3 Graphing in Excel
Excel offers a built-in way to visualize your data. Remember when creating any of these visualizations to keep in mind the best practices discussed during the Data Visualization module. The default setting of visualizations in Excel are frequently too busy (grid lines, etc.) and you will likely want to do some editing to the graph before you would include it in a publication or presentation.
Conveniently, there is a wide variety of graph types to choose from in Excel. We will be discussing three types below: Bar charts, line graphs, and scatter plots. Notice we are not discussing pie charts - look back to the Data Visualization module if you are curious as to why!
Note: Much of the information for this portion will be on the associated videos. Some basic information will be included below as well as brief steps to take. However, given the nature of this information, please do reference the videos for a more thorough walk-through.
3.1 Bar Charts
Bar charts are used with count-type data - number of people who responded Urban vs. Suburban vs. Rural, for example. They can also be used to express proportions (e.g. proportion of seniors who engage in different types of social activities). You may need to create separate columns in your data for your bar chart. The COUNTIF function can come in handy here!

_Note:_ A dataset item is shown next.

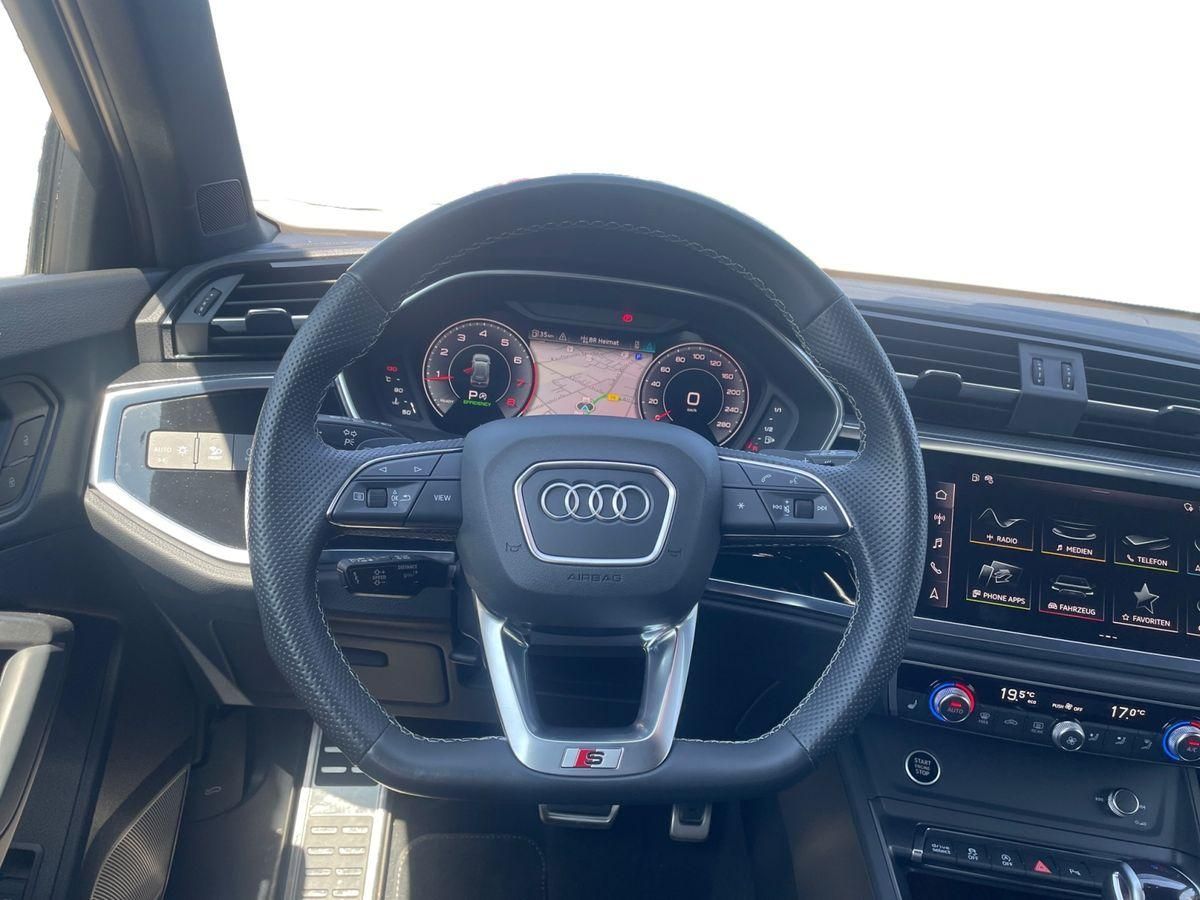 Audi Q3 40 TFSI quattro S-LINE - Samsaru's Car Outlet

Basic steps to creating a bar chart:
- Decide if you want to sort your data. If it would make your message more clear to have the largest category first, and the rest in decreasing order, sort your data from highest to lowest. Other times it may not make sense to sort your data.

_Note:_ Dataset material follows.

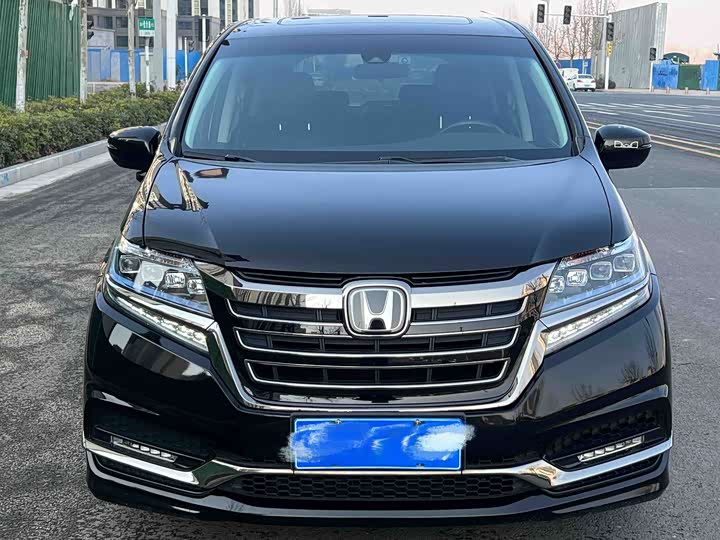 Фото 2 - Honda Elysion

- Select the cells you wish to use to make the bar chart
- Insert tab -> Charts section -> Bar chart icon (“Insert Column or Bar Chart) -> 2D Column (for vertical bars) or 2D Bar (for horizontal bars)
- Tidy up the chart: click on the gridlines (a dot will appear at each end of all the gridlines) and hit ‘delete’
- Edit title (if necessary)
Video: Bar Chart
3.1.1 Clustered Bar Chart
Sometimes you may have multiple pieces of data for each category. This is common in longitudinal studies (e.g. perceptions of a topic over five years). A bar chart would still be appropriate, but you would use a clustered bar chart, where a series of bars are present in a particular category.
For example, say you were looking at nurse satisfaction in 2019, 2020, 2021, and 2022 and one category was ‘number of patients’. That category would have four bars, each a different color, for each of the years. It is very important with these types of bar charts to select colors carefully to be as accessible as possible.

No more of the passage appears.